しかし、これでもNHKは細やかに配慮をしており、実は脚本の銀ちゃんは、もっとお行儀が悪かったのである。何しろ、私はト書きにこう書いた。
「銀次、冷蔵庫からキャベツを丸ごと出すと、新聞紙の上にドンと置く。そして一枚ずつバリバリと葉をはがし、口につっこむ」
ドラマの中の銀ちゃんはちゃんと平べったいザルにキャベツをのせて運んでくる。結構行儀がいいではないか。私のは新聞の印刷インクがくっついた葉っぱを、バリバリと食べる銀次だったのである。
「ひらり」では私の夢を書かせて頂いている。町も人もみんな夢である。もちろん、東京の下町は今でも山の手とは違う匂《にお》いがあるが、「ひらり」の舞台のままではない。それでもやっぱり世田谷《せたがや》区や大田区とは何か違う。私自身はずっと大田区で育ち、下町の人間ではないが、だからこそ下町の「何か」に憧《あこが》れ、「何か」を愛している。その「何か」を現実よりほんの少し隈取《くまど》りを濃くして夢を見たい。
今、どんな雑誌を開いてもおいしいレストランの案内記事があり、おいしい食べ物の紹介がある。シェフの名前にこだわる客もいるだろうし、何年もののワインにこだわる客もいるだろう。ひと口食べて口に合わなければ、つっ返す人も現実に知っているし、あるパーティで「これは冷凍の魚だな」と言い放ち、不機嫌になった男の人も知っている。おいしい物を食べたいとは私だっていつも思う。だけど、私は何を食べても「おいしい」と言える人になりたいと思う。一口食べて口に合わなくても、箸《はし》をつけたものだけはきれいに食べる人になりたい。たとえばおいしいものをたくさん食べていても、冷凍のサンマの焼きたてにジューッと大根おろしをのせ、きれーいに食べてしまう男がいたら、私はそれだけでその人を信じられる気がする。「味」以前に「食べ物」を愛する人が一番のグルメだと私は思っている。
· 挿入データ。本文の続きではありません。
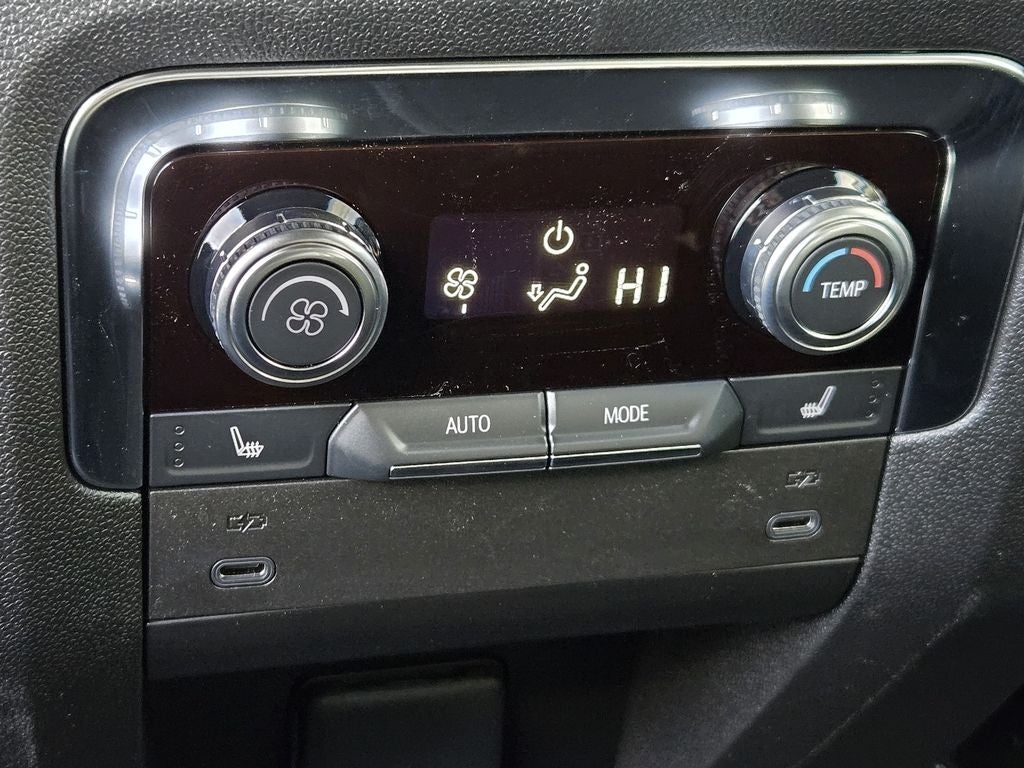 2025 GMC Yukon Elevation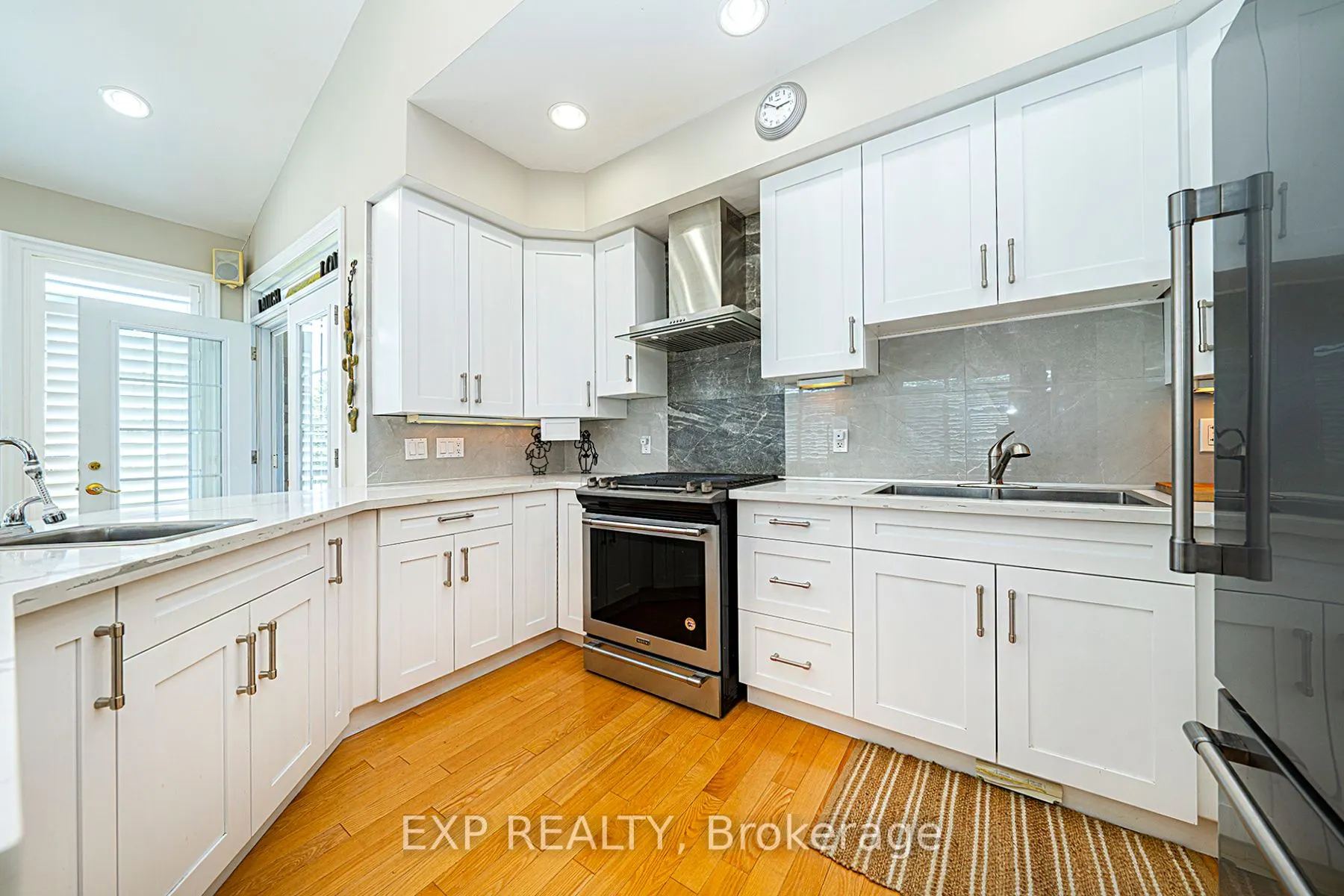 2884 Sunnydale Lane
そんな意味で銀次もまた私の夢である。七十五歳の金太郎が作った食事を、ブルドーザーのようにたいらげる。
「イヤァ、うめえッ。しかし、父ちゃんは料理がうめえよなァ。俺、世の中で一番うめえものって、ホウレン草のお浸しと、ニシンの焼いたのと、キャベツだなァ。イヤァ、うめぇッ。ごっそさん」
そんな銀次だが、もちろんおいしい物はたくさん食べている。食べていながらやっぱり何を食べても「うめぇッ」という男はカッコいいと思う。
先日、NHKのスタジオで石倉三郎さんにお会いしたら、そっと言われた。
「俺、町内じゃ『キャベツの兄サン』って呼ばれてるンスよ。この頃じゃ、家でも寝そべって『ワンカップキャベツ』ばっかりでね。イヤァ、しかし、キャベツってうめえよなァ」
私は銀ちゃんと石倉さんの区別がつかなくなってくる。「ひらり」は夢の人たちが住む夢の町が舞台だが、脳みそが下がらないように寝そべってキャベツを食べる男が、現実にいるような気がしてくるのである。